Tutto è quindi solo politica. E qui FdI è stata indubbiamente capace, certo più dei suoi rivali a sinistra: plebiscitarismo verticistico con la proposta dell’elezione diretta del premier; privatezza con lo smantellamento del welfare universale a favore di misure personali; riduzione della sfera pubblica; indebolimento della magistratura; difesa delle corporazioni (taxisti, balneari, agricoltori, ambulanti etc. sono la realtà materiale dello “Stato dei padroncini” cui guarda FdI). Pragmatismo atlantista in politica estera, ma discontinuità in quella interna: il passaggio al premierato elettivo. Con questa riforma, colpo di grazia a un sistema in agonia (p. 120), ad una fase elettorale di blocchi contrapposti seguiranno cinque anni di pieno potere dell’esecutivo, anzi del solo capo dell’esecutivo plebiscitato dall’elezione diretta, con conseguente perdita di ruolo del Parlamento e del capo dello Stato e con il passaggio a una “democrazia d’investitura”.

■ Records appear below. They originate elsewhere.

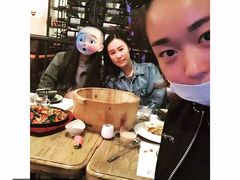 -胡桃里乐队酒馆(鎏嘉码头店)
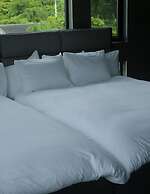 PLUFINO RESORT VILLA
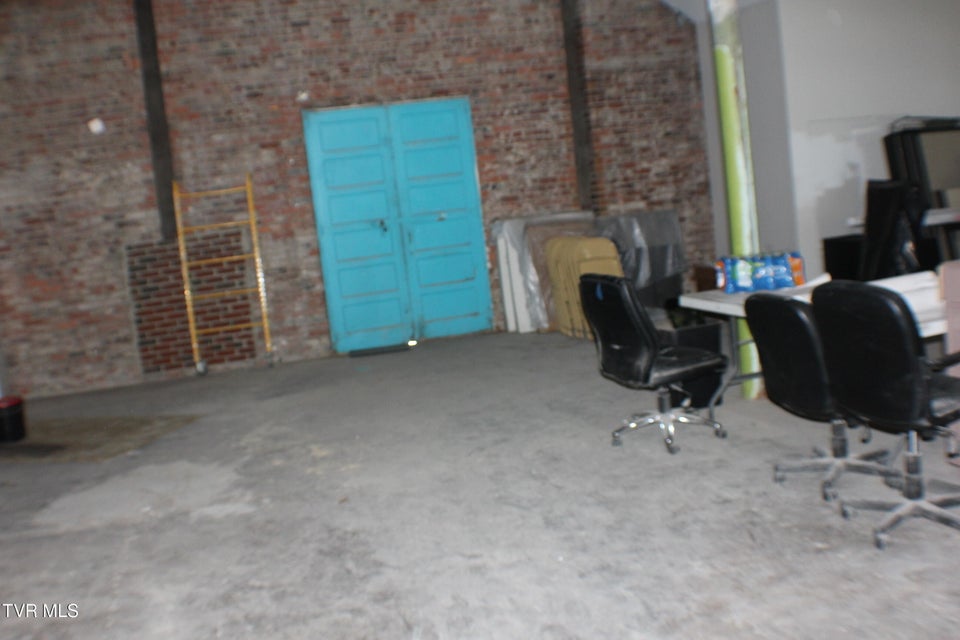 Photo #4: 329 Commerce Street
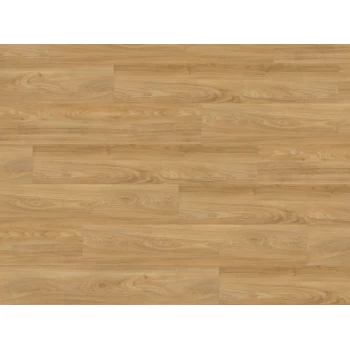 WINEO (Винео) 400 DB Wood Дуб Summer Golden
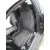 ALFA ROMEO 147 (190) ALFA ROMEO 147 (190) '2004 1.6 16V CAT NEGRO 2000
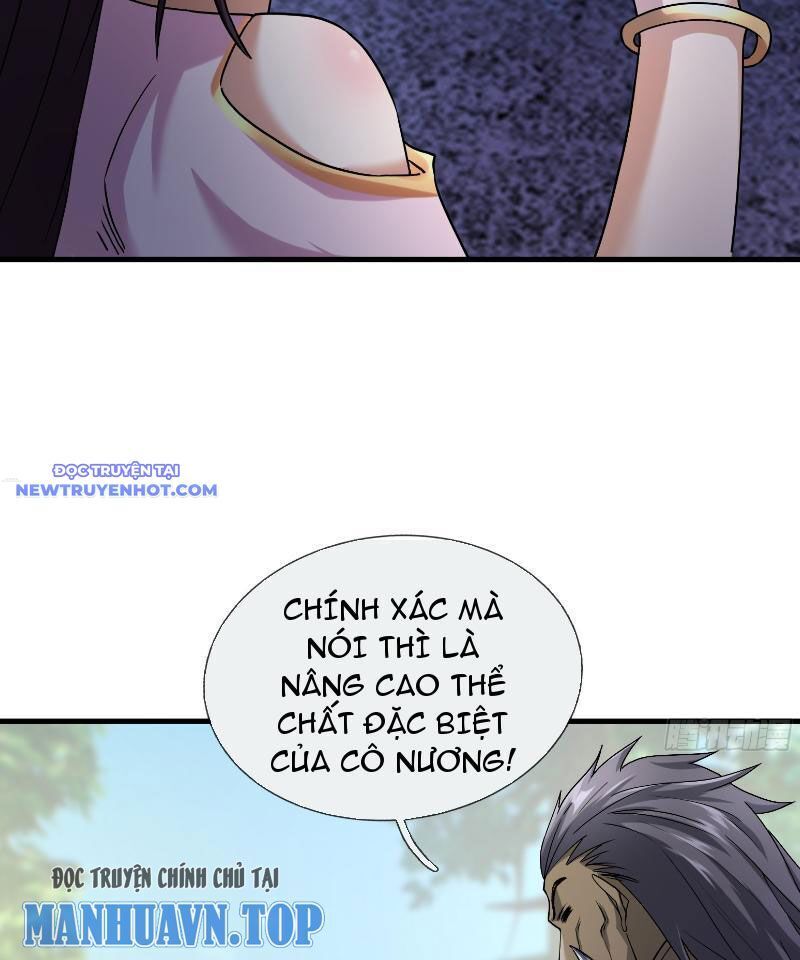 page_115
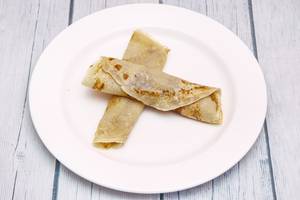Patishapta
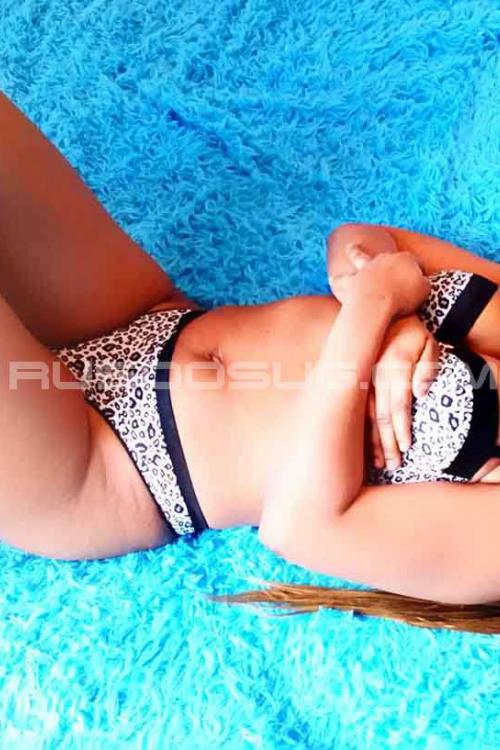 Проститутка Лиса, Москвы у метро Беляево Проститутка Лиса, Москвы у метро Беляево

L’altro aspetto critico è quello della legge sull’autonomia differenziata delle Regioni, voluta dalla Lega e accolta dal governo, che porterebbe ad accentuare la distanza tra Nord e Sud: in tal modo “quello che fece la Destra storica viene in pratica disfatto dalla destra contemporanea” (p. 112).
Il rischio è che la destra diventi così la madre della vera Seconda Repubblica, mentre era stata esclusa dal momento originario della Prima Repubblica. A questa evidente forzatura della Costituzione da parte del governo di destra oggi in carica, l’opposizione dovrebbe saper rispondere con proposte alternative, non con il solo rifiuto. Galli nelle conclusioni indica la strada (“se la politica avesse ancora in sé energia e capacità di grandezza”) di una vera assemblea costituente speciale (quindi “almeno i principi fondamentali non andrebbero riscritti”), come quella che fu alla base della Prima Repubblica.
FdI è quindi una destra che è entrata al potere per restare, e alla cui politica bisognerebbe allora saper contrapporre un’altra politica, più radicale, a questa narrazione un’altra narrazione, più incisiva (p. 123). Sapremo farlo? Iniziamo tutti leggendo a fondo questo libro.